Each year, for the past few years, I have provided a seminar at our RFID Journal LIVE! conference called the RFID Strategic Workshop. During a span of five hours, I try to share many of the best RFID deployment practices that I have learned from interviewing hundreds of companies that have installed radio frequency identification technology. I was impressed with the keynote presentation that BAE Systems offered this year at LIVE! 2019, because BAE employed many of the practices that I speak about. Therefore, we’ve made the video recording of the presentation available for everyone to learn from a successful project.
The presentation was made by Deirdre Schmidt, BAE Systems’ operations excellence leader, along with Philip Whiting, BAE’s operational lead engineer, and Peter Wright, the company’s engineering technical lead. Schmidt noted that BAE began RFID projects in 2003 and 2009, but that in both cases, the projects fizzled out and were not completed. This is not uncommon. In 2013, the firm began to concentrate on an engineering initiative that led to the success story that the speakers shared with LIVE!’s attendees.
Customers had been requesting that BAE accelerate its throughput so it could build more products for them faster, which was creating operational challenges. The firm considered building a new facility and hiring more workers to accommodate its customers, but it smartly decided to instead undertake an initiative to enhance the efficiencies of the resources already in place. Specifically, it wanted to reduce activities that didn’t add much value, enabling the company to do more with the teams already in place. “To achieve operational excellence, we needed to achieve tracking of our work-in-process [WIP], parts, as well as tools,” Schmidt told the audience.
To start that effort, the company did something I always recommend: mapping its current processes to determine where improvements can be made. This is a step that businesses often skip. They assume they know their processes, but they’re typically more complicated than most people realize. Mapping processes allows you to envision where steps can be combined or eliminated, and to figure out where data needs to be collected to enable that to happen.
Next, BAE needed to research the technology-based solution that it would require to achieve its goals. This is where events are crucial. Companies think they can conduct research online to learn what will work for their particular applications. But there is no substitute for bringing a team to an RFID event and having them sit in on different sessions that might be relevant so they can learn how others have handled similar deployments.
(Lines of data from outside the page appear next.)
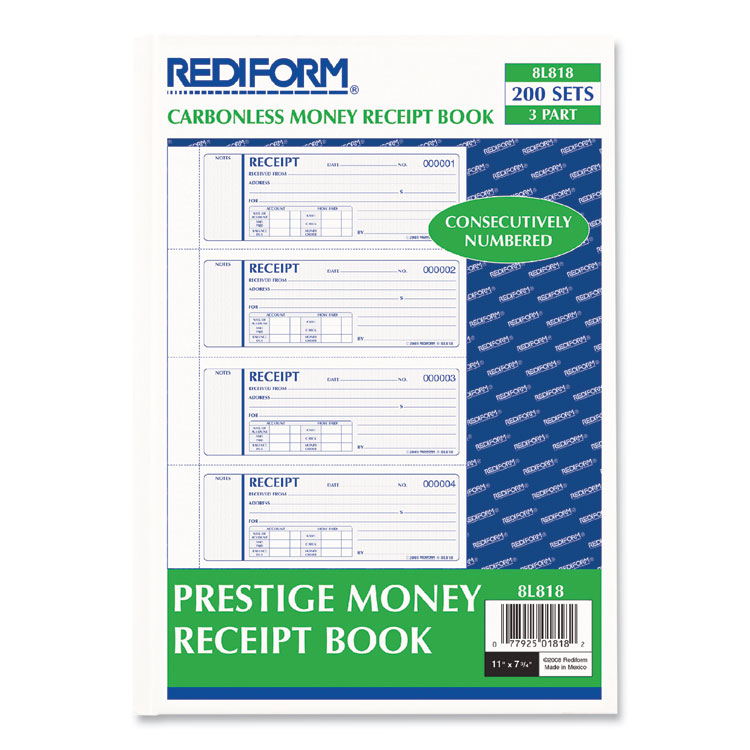 Rediform Money Receipt Book, Hardcover, Three-Part Carbonless, 7 x 2.75, 4 Forms/Sheet, 200 Forms Total (RED8L818)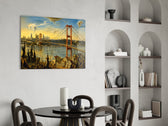 Istanbul Bosphorus Bridge glass wall art shown in a warm, styled interior setting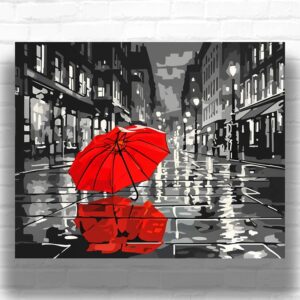 Red Umbrella - Black and White Paint by Numbers for Adults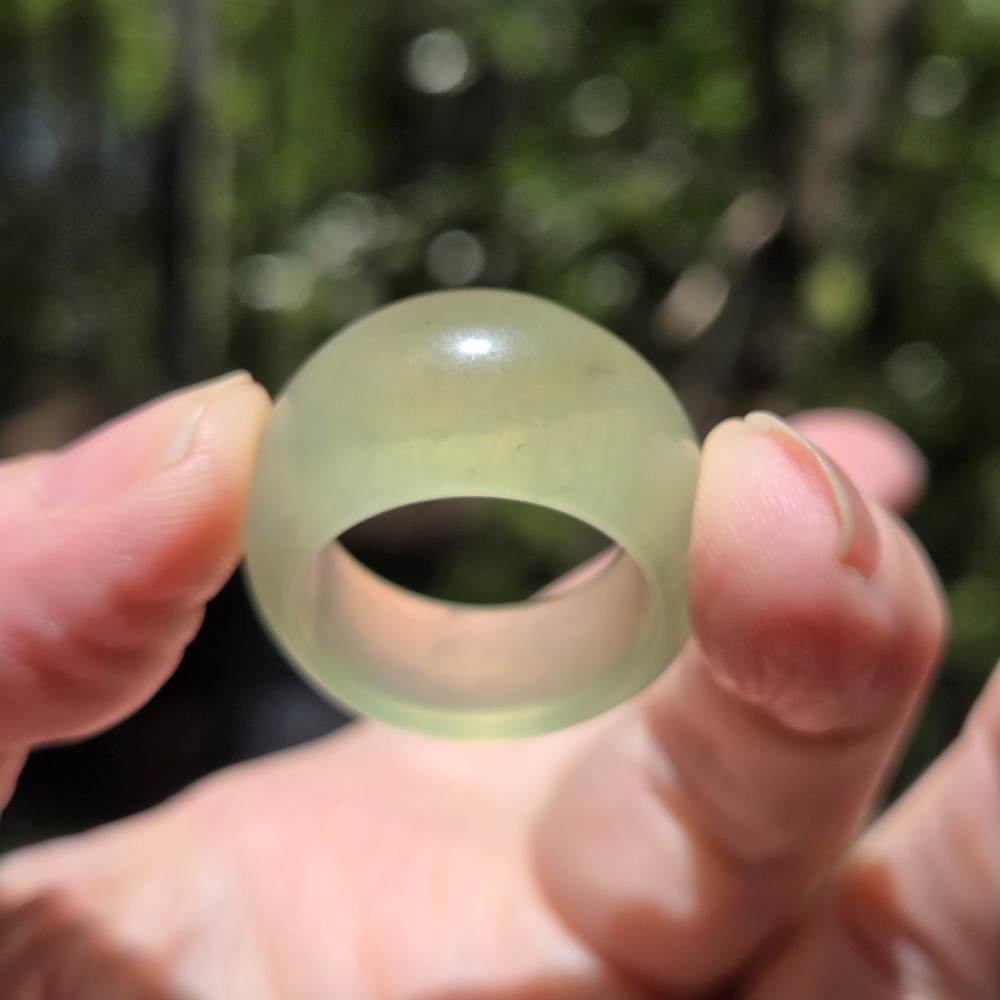 Jade natural gem solid dome ring sz10 - Picture 5 of 5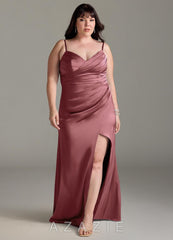 Azazie Yola Amethyst Sheath V-Neck Pleated Stretch Satin Convertible Dress amethyst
Teams can learn a lot by scouring the exhibit hall for tags, readers and software that could be used in their application.
After carrying out the process mapping, three use cases came to the top—that is, Schmidt and her team felt that three RFID applications would deliver the biggest returns on investment. One was to automate asset and tool tracking. By tracking calibratable assets, customer assets, government assets and hand tools, BAE’s manufacturing teams would know, in real time, where those assets were located, as well as which would enable them to do their job more efficiently.
A second application involved tracking WIP. The company began monitoring paperwork within its factory, which is used to record the manufacturing processes for individual products. Paperwork can often become separated from an item during production, so this would enhance efficiency. Schmidt said the company has not launched a pilot to enable paperless tracking via RFID.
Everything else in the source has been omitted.